The "Dragons" armchair (French: "Fauteuil aux Dragons") is a piece of furniture designed by the Irish architect and designer Eileen Gray between 1917 and 1919. The chair sold for €21,905,000 ($31,292,857) in 2009, establishing a new record for a piece of 20th century decorative art.

==Design==
The chair is a wooden upholstered armchair featuring two stylized lacquered dragons.
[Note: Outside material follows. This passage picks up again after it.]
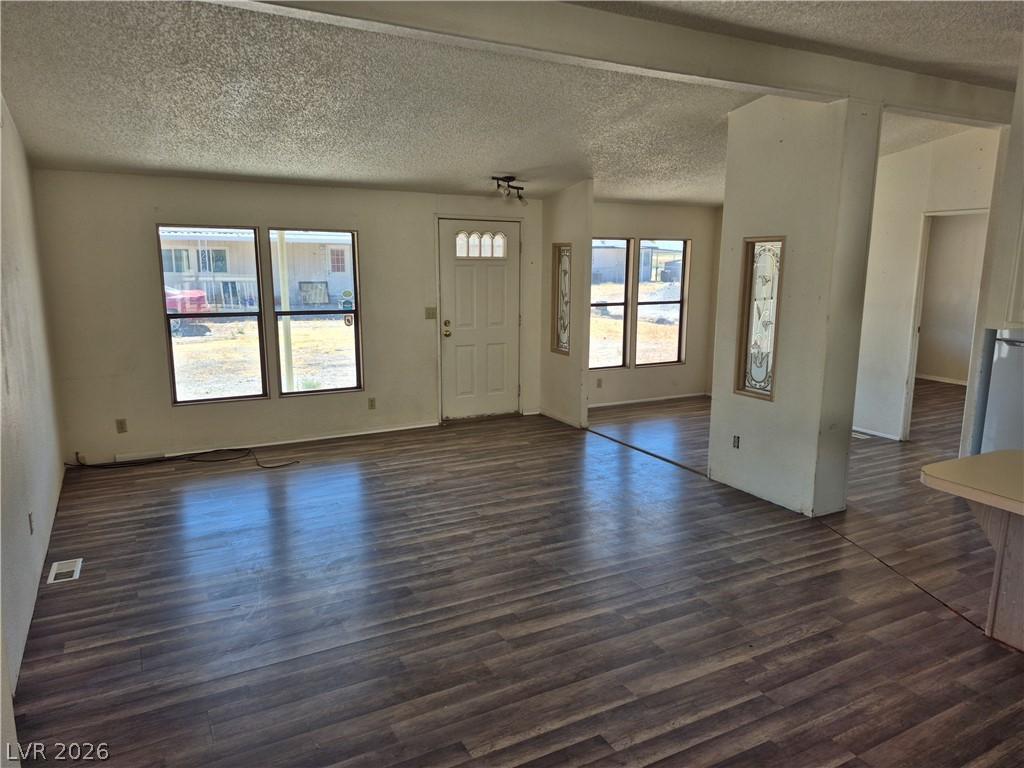 Image 4: Rich wood flooring extends through this welcoming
It measures 61 by 91 cm.

The chair was described by auctioneers Christie's as being:

"In the form of unfurling petals, upholstered in brown leather, the frame in sculpted wood, lacquered brownish orange and silver and modelled as the serpentine, intertwined bodies of two dragons, their eyes in black lacquer on a white ground, their bodies decorated in low relief with stylised clouds."

Christie's additionally felt that the chair "...distills all that was so personal and so magical in the first, intimately expressive phase of Miss Gray's career — surprising, imaginative, subtly sculpted and crafted, it is a masterpiece of invention and execution." Jennifer Goff, the curator of the National Museum of Ireland's permanent exhibition of Gray's work, felt that the chair was the "perfect example of the designer who created it – completely unique [and] rather eccentric".

The dragon imagery and clouds depicted on the chair have been likened to those found in the iconography of traditional Chinese art, and the flowing nature of the ornately carved armrests have been compared to a "sea monster" and given the chair its "Dragons" moniker.

Gray worked on the chair between 1917 and 1919, lacquering the piece by hand and letting the lacquer set in her humid bathroom before spending days polishing the piece.

==History==
The chair's first owner was Gray's patron, Suzanne Talbot. It was acquired by Parisian art dealer Cheska Vallois in 1971 for $2,700 and then sold by Vallois to the French fashion designer Yves Saint Laurent in 1973. The chair was put up for sale as part of the Yves Saint Laurent and Pierre Bergé collection in February 2009 at Christie's auction house in Paris. It sold for €21,905,000 against a pre-sale estimate of €2-3 million, establishing a new record for a piece of 20th century decorative art. The price beat the previous record by $22 million. The 2009 buyer of the chair was once again Cheska Vallois who later said that the cost of acquiring it was "the price of desire". The chair was bought by Vallois for an unknown third party erroneously reported to be Henry and Marie-Josée Kravis in March 2009.